Among potential Democratic contenders, you scarcely hear a favorable word about corporations — even to say "favorable" and "corporations" in the same sentence sounds a little funny these days. It shouldn't. Though they are loath to admit it, the Democrats' enthusiasm for trade is scarcely greater than that of the White House.

Schultz could, if he chose, be a beacon for liberal Democratic ideals without the we-against-they populism that has also infected the political left. The son of a Brooklyn truck driver, Schultz has an obvious empathy with today's struggling wage earners.
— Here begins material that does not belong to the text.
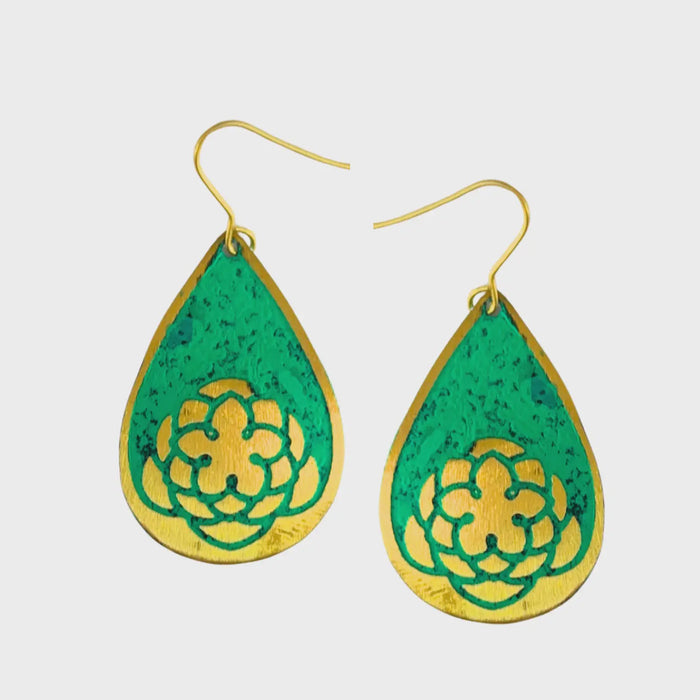 Deepa Teardop Earrings Green - Precious Sparkle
Starbucks was an early adopter, for a fast-food chain, to pay health care benefits; famously, it pays college tuition for some employees and stock options even to part-time workers.

Make no mistake: Starbucks baristas are low on the wage scale, estimated on average at close to $10 an hour, not including benefits. Schultz was in business for profit; he would say wages (with some reasonable floor) are set by supply and demand. As a politician, he is apt to pursue policies than expand opportunities for the bottom, as distinct from targeting the top. He'll support progressive taxation, but I'm guessing that his goal — an important distinction — will be raising potentials, and eventually outcomes, for the disadvantaged and the middle class, rather than equality per se.

As both a capitalist and liberal, he knows that desirable social policies (including protecting the environment, on which he has been outspoken) also entail costs, regardless of who is paying for them. He recognizes, or has the experience to recognize, that politics involves trade-offs. The appeal of Schultz is not tethered to a particular policy, but it is informed by the idea that liberal capitalism and liberal democracy are not in conflict (in fact, each is a pillar of the other). The hope — this writer's hope — is that Schultz can reclaim the disappearing middle-ground in American politics.

Roger Lowenstein is a financial journalist and author of six books, including "America's Banks: The Epic Struggle to Create the Federal Reserve." He wrote this article for the Washington Post.